Read in isolation, that trend says the market has stopped pricing in elevated catastrophe risk. But spread is only one half of the equation. The other half — expected loss — is the modeled baseline the spread is a multiple of, and that baseline has moved. Modeling agencies have shifted from long-run historical averaging toward near-term, climate-conditioned loss estimates, which pushes expected loss higher even as the market-cycle premium on top of it shrinks. A 5% nominal spread in 2026 is not directly comparable to a 5% spread in 2016, because the expected-loss figure underneath it now carries a heavier climate load. The capital cycle has masked, not eliminated, a structural repricing happening one layer down.

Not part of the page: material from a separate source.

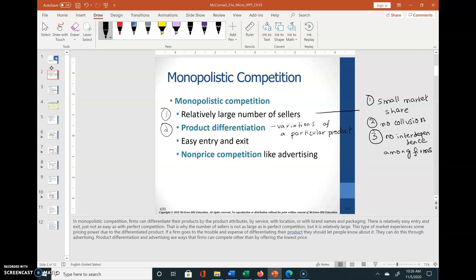Despite the relatively large number of firms, monopolistic competitors have some control over product price due to product differentiation. Number three: there is easy entry and easy exit. Unlike an oligopoly or a pure monopoly, entering this market structure is quite easy.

How Modeling Firms Are Recalibrating for a Non-Stationary Climate

The two dominant catastrophe modeling firms have both moved away from treating historical loss data as a stationary baseline.

Verisk (formerly AIR) raised its global average annual insured loss (AAL) estimate to $152 billion in its 2025 Global Modeled Catastrophe Losses report, up sharply from the $132 billion average observed between 2020 and 2024. Verisk attributes roughly 1% of the year-on-year AAL increase across perils directly to long-term climate change, distinct from inflation and exposure growth. The firm has also rolled out a near-present-climate wildfire model for the US that shows a "markedly increased hazard relative to historical records," tied to large-scale warming and drying trends rather than just population growth into fire-prone areas.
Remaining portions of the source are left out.